# Data Preparation and Persistence
---
In this notebook, csv data is prepared and stored in a database for persistence.

### Transactions_By_Dept Data
---
###### source: https://data.world/zpencer/transaction-itemset

In [2]:
import pandas as pd
from sqlalchemy import create_engine, BigInteger, Integer, String

# Pull data from csv to DataFrame
transactions_by_dept_path = 'data/transactions_by_dept.csv'
transactions_df = pd.read_csv(transactions_by_dept_path)
transactions_df.columns = ['TransactionId', 'Department','ItemId','SalesUnits']
transactions_df = transactions_df.sort_values(['TransactionId','ItemId'])

# Map TransactionId to smaller values
transaction_id_map = pd.DataFrame(transactions_df['TransactionId'].unique(), columns=['TransactionId'])
transaction_id_map['Id'] = transaction_id_map.index+1
transactions_df = transactions_df.merge(transaction_id_map, on='TransactionId') \
                                 .drop('TransactionId',axis=1) \
                                 .rename(columns={'Id': 'TransactionId'})

transactions_df['LineId'] = transactions_df.groupby(['TransactionId']).cumcount()+1
transactions_df = transactions_df.set_index(['TransactionId','LineId'])
transactions_df.head()

# Data is now ready to be written to database for persistence

Unnamed: 0_level_0,Unnamed: 1_level_0,Department,ItemId,SalesUnits
TransactionId,LineId,Unnamed: 2_level_1,Unnamed: 3_level_1,Unnamed: 4_level_1
1,1,0634:VITAMINS & HLTH AIDS,102,1
1,2,0879:PET SUPPLIES,158,2
1,3,0973:CANDY,175,2
1,4,0982:SPIRITS,176,1
1,5,0983:WINE,177,4


In [3]:
# Establish a connection
host = 'localhost'
database = 'data'
driver = 'SQL+Server+Native+Client+11.0' # Driver found in ODBC Data Source Administrator app
engine = create_engine("mssql+pyodbc://{0}/{1}?driver={2}".format(host,database,driver))

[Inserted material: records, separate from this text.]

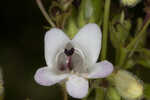 Manyflower beardtongue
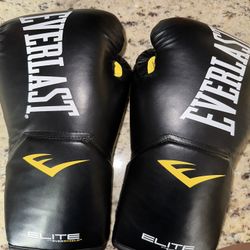 Everlast Gloves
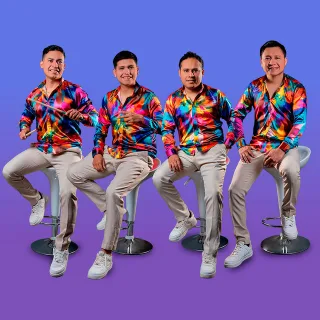Grupo V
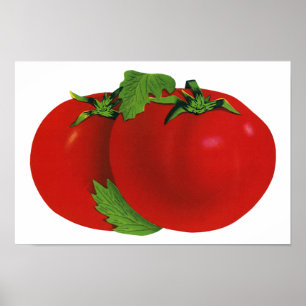  levensmiddelen, organisch rood ripe tomato poster
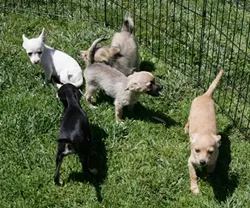 AND PUPPIES TOO!: Laton Animal Rescue & Care (559-905-4063) also set up shop by PETCO. - PHOTO BY GLEN STARKEY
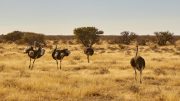 Etosha National Park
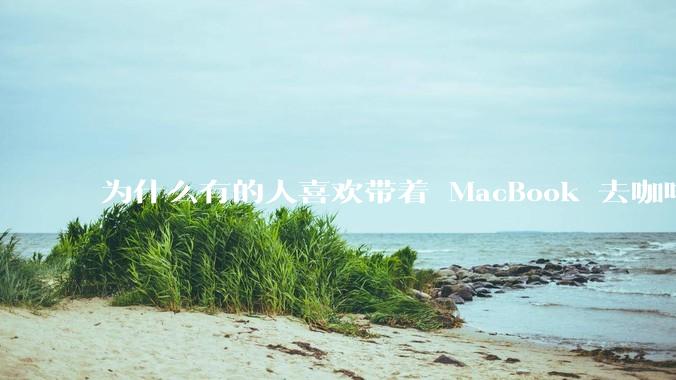 为什么有的人喜欢带着 MacBook 去咖啡店或者书店上网，而不是 ThinkPad 之类的？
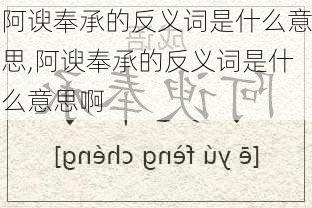 阿谀奉承的反义词是什么意思,阿谀奉承的反义词是什么意思啊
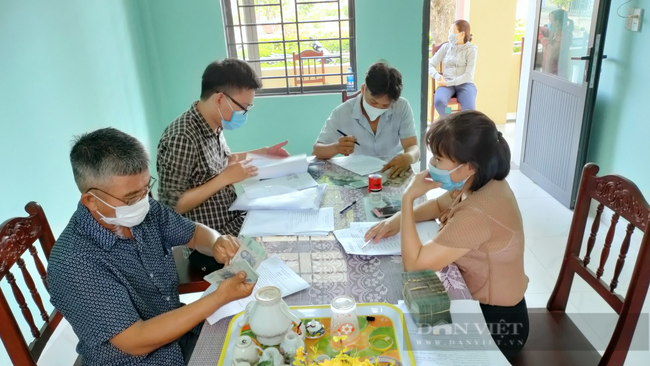 Quảng Nam: Nông dân thị xã Điện Bàn mạnh dạn trồng cỏ nuôi bò nhờ Quỹ hỗ trợ nông dân tiếp sức - Ảnh 3.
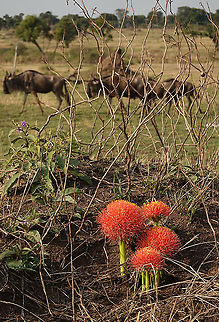 Scadoxus multiflorus  Blood flower,Geotagged,Scadoxus multiflorus,Tanzania,Winter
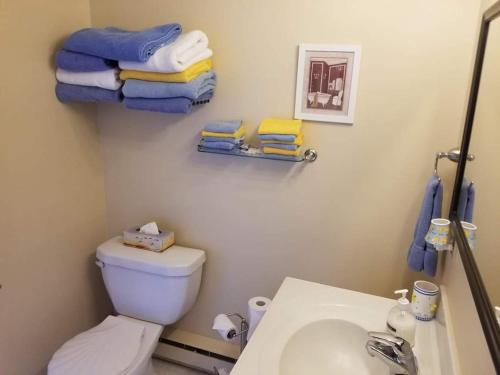 a bathroom with a toilet and a sink and towels at St Ann's Motel & Cottage in Baddeck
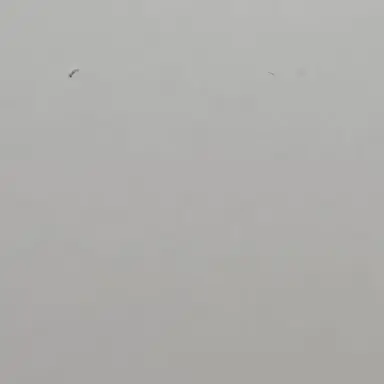 Profile image of 컨티뉴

# Specify schema and table
schema = 'dbo'
table_name = 'TransactionsByDept'

# Define data types (not always necessary)
data_types = {'TransactionId': Integer,
              'LineId': Integer,
              'Department': String,
              'ItemId': Integer,
              'SalesUnits': Integer}

# Write dataframe to a table
transactions_df.to_sql(table_name,con=engine,schema=schema,
                       index=True, index_label=['TransactionId','LineId'],
                       if_exists='replace',dtype=data_types)

### Extended_Bakery Data
---
###### source: https://github.com/Stocco/Data-Mining-the-Extended-Bakery

In [25]:
import pandas as pd
from sqlalchemy import create_engine, BigInteger, Integer, String

extended_bakery_path = 'data/75000-out1.csv'
bakery_items_path = "data/EB-build-goods.sql"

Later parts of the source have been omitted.